The bank must assume the cost of the registered cancellation of the mortgage. This was established in a recent ruling by the Bizkaia Provincial Court (click here to read the original text), which condemned Kutxabank to repay the full amount of the disbursement made by the mortgaged clients to cancel the mortgage that had been granted to them.
In the ruling, the judge rejects the bank’s claim that the mortgagee was the only one interested in removing the burden from the Land Registry. According to the magistrates, the inscription was made in benefit and guarantee of the lender, that is to say of the bank. Hence, reaching the same conclusion as the judgment of instance, states that the cost of cancellation corresponds to the financial institution. If the cost of constitution was unnecessary for the client, neither has to face the burden of registration in the Land Registry, nor the disbursement for the disappearance or cancellation of the same, which would not have existed if it had not been registered.

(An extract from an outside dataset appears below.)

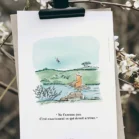 Poster Winnie l'ourson et la libellule. Une illustration de Denadda inspirée par A.A. Milne & E.H. Shepard.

Kutxabank sought to assert that the clause annulled in instance only affected the costs of incorporation, not those of cancellation of the mortgage, but the magistrates rejected this argument. Once the loan has been paid and the main obligation has been met, the guarantee disappears and the person in whose interest it was registered will also have to pay for the expenses of its disappearance.
This decision forced the bank to reimburse about 600 euros for notary, Land Registry and agency expenses and may be a new setback for financial institutions that force borrowers to assume expenses that do not correspond to them.